Se é assim, então a norma regulamentadora que surge somente poderá gerar efeitos a partir daquele momento,
conferindo segurança jurídica aos atos praticados sob as condições estabelecidas judicialmente, salvo se a aplicação da regra
editada for mais favorável aos beneficiários (art. 11, Lei nº 13.300/2016).
Uma vez que a injunção visa conferir direito subjetivo, os efeitos concretos do julgamento serão, em regra, inter partes.
Contudo, a eficácia ultra partes ou erga omnes poderá ser conferida quando isso for indispensável ao exercício do direito, nos
termos do art. 9º, §1º da norma específica.
Exemplo disso, conforme anotado por Daniel Wunder Hachem, é o direito fundamental de proteção à mulher ao mercado de
trabalho (art. 7º, XX), uma vez que a inexistência de políticas públicas específicas pode inviabilizar o exercício do direito
fundamental protetivo.
Por fim, a competência para julgamento do mandado de injunção foi disciplinada constitucionalmente. A regra, segundo
Daniel Wunder Hachem, “seria o ajuizamento em primeira instância, conforme a matéria (federal, estadual, etc.), excepcionados
os casos em que a qualidade do impetrado demandar” o direcionamento da competência originária aos Tribunais Superiores (art.
102, I, q; art. 102, II, a; art. 105, I, h, todos da CRBF).
Quando a injunção almejar o exercício de direito individual, o meio adequado será a ação individual.

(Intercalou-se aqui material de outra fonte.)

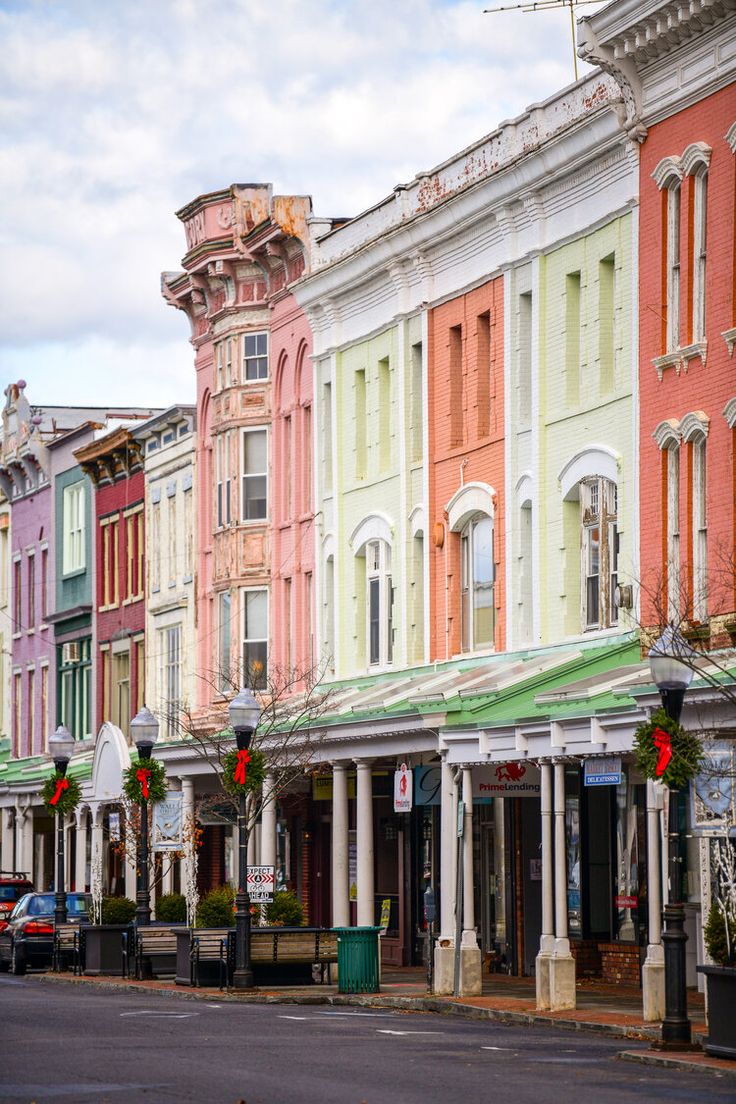 a row of multi - colored buildings on a city street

Se tratando de direitos
transindividuais, será caso de demanda coletiva.
Apenas os legitimados especiais dispostos no art. 12 da 13.300/2016 podem promover o mandado de injunção coletivo. São
eles:
O Ministério Público, quando a tutela requerida for relevante à defesa da ordem jurídica;
O partido político com representação no Congresso Nacional, para assegurar direitos relativos à finalidade partidária;
Organização sindical, entidade de classe ou associação em funcionamento legal há pelo menos um ano, no tocante às
prerrogativas em favor de seus membros;
A Defensoria Pública, quando a tutela requerida for relevante para a promoção dos direitos humanos e a defesa de direitos dos
necessitados.
Veja que o mandado de injunção coletivo não reflete a ampliação dos efeitos da decisão. Tanto é assim que o art. 13 da
legislação citada determina que a sentença fará coisa julgada limitadamente às pessoas integrantes da coletividade substituída
pelo impetrante, salvo a exceção já mencionada (§§ 1º e 2º do art. 9º).
Solicitado a se pronunciar pela via do mandado de injunção, o Supremo Tribunal Federal determinou que se aplicassem ao caso
as leis nº 7.701/1988 e 7.783/1989, em tratamento análogo ao setor privado. Ou seja, via solução normativa do Poder Judiciário,
os servidores públicos federais passaram a poder desfrutar de prerrogativa constitucional subjetiva.
O julgado supra representa a virada no campo jurisprudencial, uma vez que ultrapassa o entendimento firmado pelo MI nº 107-
3/DF.
Na leitura anterior do STF, os efeitos operacionais do mandado de injunção se limitavam a declarar a omissão inconstitucional,
ato que deveria instar o poder legiferante a se pronunciar, para que, por sua vez, editasse a norma regulamentadora.
A leitura foi revista e atualizada, conferindo ao mandado de injunção os efeitos de estabelecer as condições em que se dará
o exercício de direitos. O overruling foi positivado no art. 8º da Lei 13.300/2016.
E foi justamente essa a postura daquele que detém o poder e dever de defesa da Constituição.
Considerada a omissão legislativa que impedia a realização do direito constitucional, o próprio Poder Judiciário suprimiu a
lacuna técnica, possibilitando o exercício do direito, além de fixar prazo de 60 dias para que o Congresso Nacional legislasse
sobre a matéria (o que ainda não veio a ocorrer até então).